For it was only by overloading the sensorium with pain and intense muscular effort and subjecting themselves to the highest possible levels of emotional stress that endocrine systems rendered dormant by the eifects of the plague could be roused into something like normal activity, and remain so, aside from the wounds that had been sustained, for the time necessary for a successful coupling and procreation to take place.
But in spite of the terrible solution that had been found, adult deaths from the plague continued to rise and the birth rate to fall. The population contracted in numbers and territory occupied, moving to one continent so as to conserve what little was left of their civilization and resources and to be within easy fighting distance of each other. There was archeological evidence to suggest that in the beginning the Cromsaggar were not warlike, but the need to fight and often kill each other so that their race as a whole could survive made them so, and by the time Tenelphl discovered them, the practice of hand-to-hand combat among all adults had been conditioned into the race for many centuries.

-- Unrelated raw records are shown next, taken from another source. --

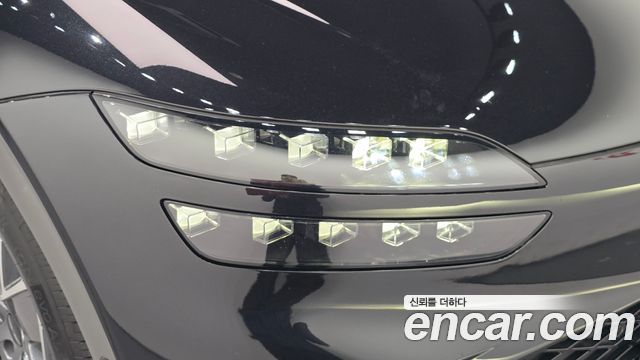Genesis GV60 2022 — photo 8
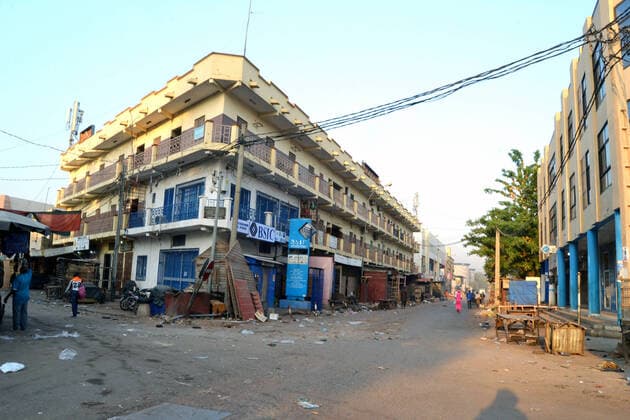 Magasins fermÃ s a cause de la lutte contre le coronavirus au marchÃ de la Medina Ã Bamako, le 05 Avril 2021. Le Mali a enregistre a ce jour: 45 cas confirmÃ s, 3 morts et 1 guerison. Le gouvernement malien a instaure depuis le 26 mars 2020 un couvre-feu de 21h a 5h. Stores closed due to the fight against the coronavirus at the Medina market in Bamako, on April 05, 2021. Mali has recorded to date: 45 confirmed cases, 3 deaths and 1 healing. The Malian government has instituted a curfew from 9 p.m. to 5 a.m. since March 26, 2020. Bamako Mali Copyright: xAmadouxKeita AfrikimagesxAgencyx
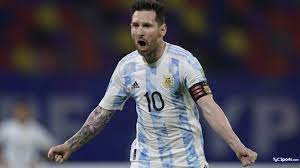 Todas las noticias, imágenes, estadísticas, goles y resultados del delantero argention del barça en marca.com. Lionel Messi En Argentina Chile Golazo De Penal Y Todas Sus Jugadas Tyc Sports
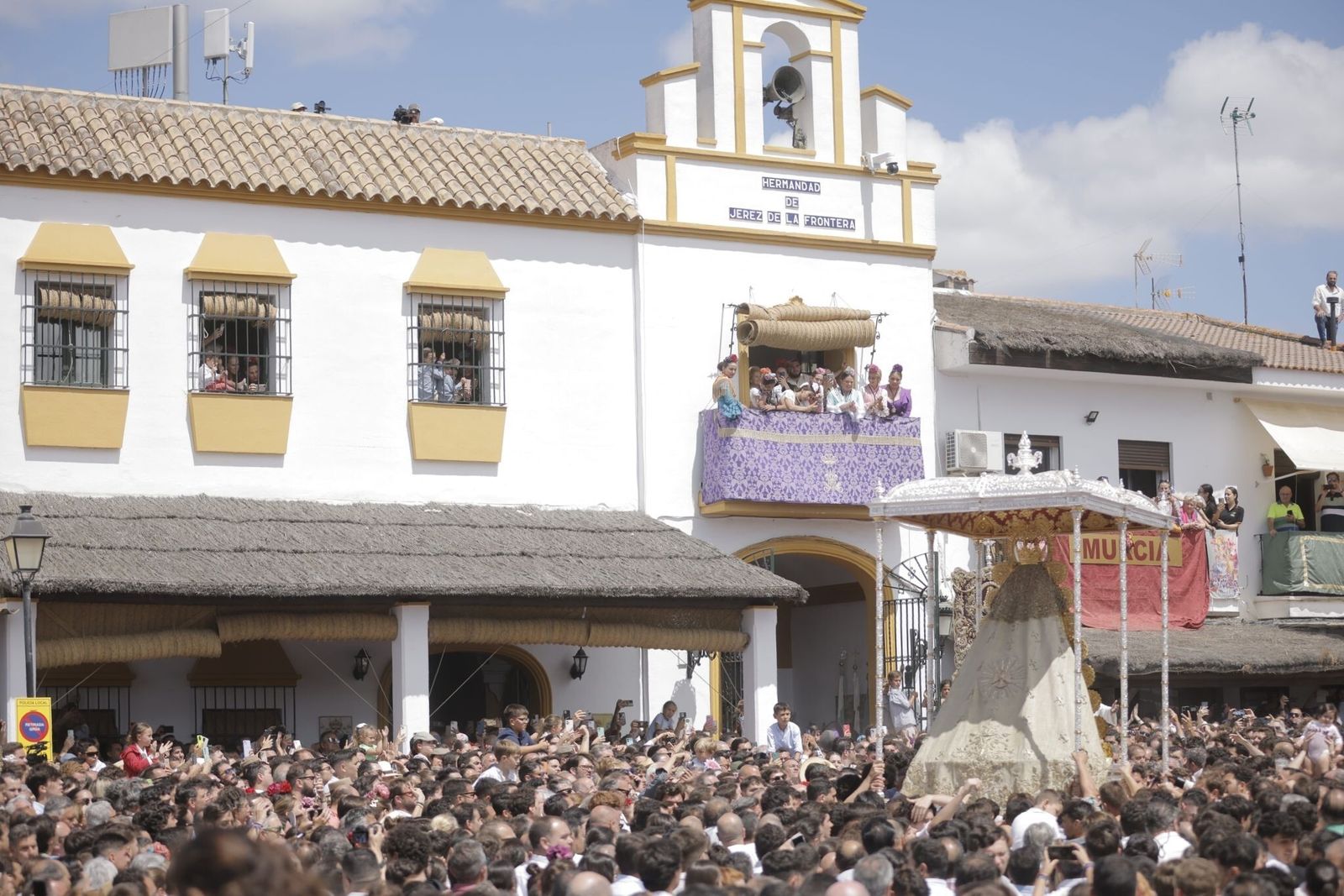 Imágenes de la procesión de la Virgen del Rocío y visita a la casa de Hermandad de Jerez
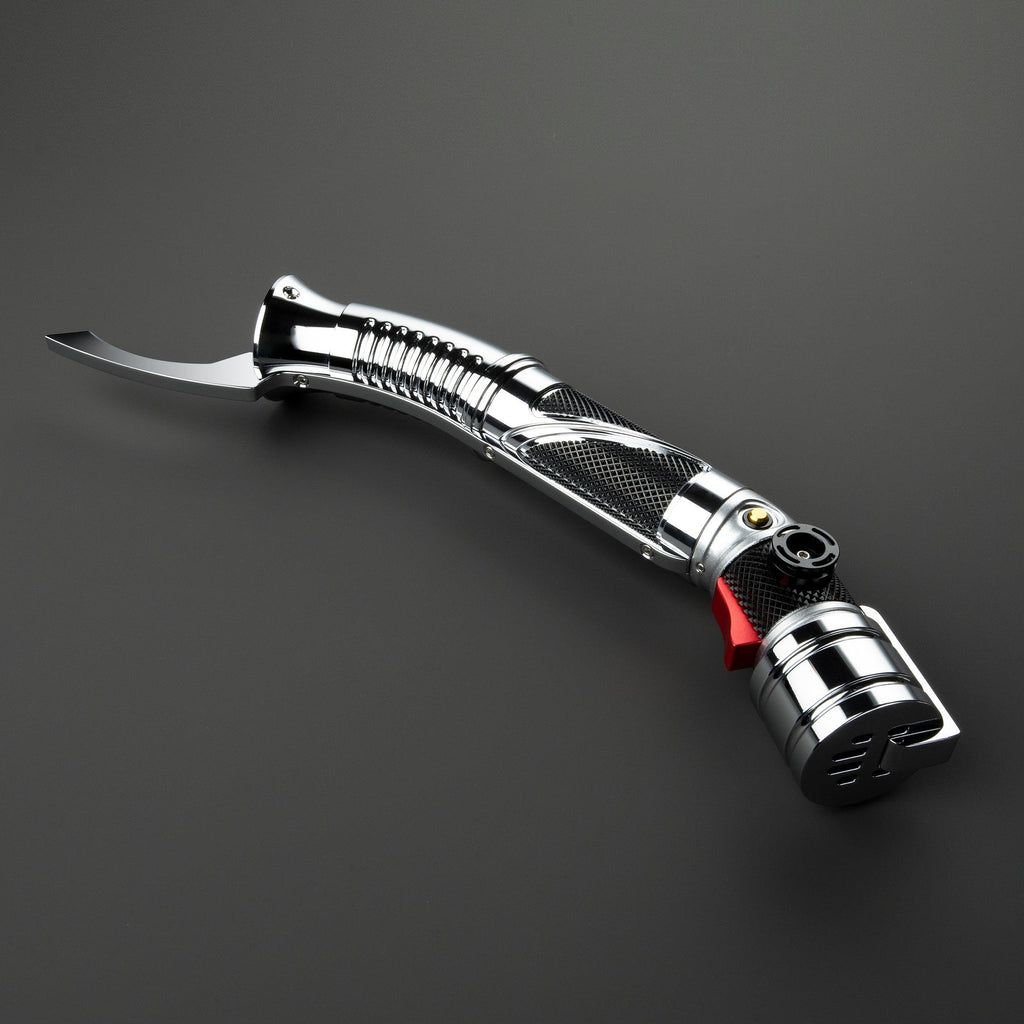 The Count Lichtschwert in Chrom – gebogenes Premium-Hilt mit schwarzem Griffdetail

“Even though the decision was taken for the best of all clinical reasons, that of saving many lives,” Thornnastor went on, “without prior knowledge of this conditioning, the effect of introducing a complete and short-duration cure for the plague could not have been foreseen. It is probable, and Chief Psychologist
O’Mara agrees with me in this, that the Cromsaggar who had been treated were aware of feeling better and stronger than they had ever felt before, and subconsciously they must have realized that it was no longer necessary for them to fight and place themselves in the greatest possible danger in order to achieve sexual arousal. But for many centuries they had been taught from an early age that single combat between members of one’s own sex invariably preceded coupling with one of the opposite, a level of conditioning with the strength of an evolutionary imperative. And so, the more their clinical condition improved the greater was their urge to fight and procreate. The many young, whose physical development had been retarded by the effects of the plague and who had suddenly come to maturity, felt the same compulsion to fight.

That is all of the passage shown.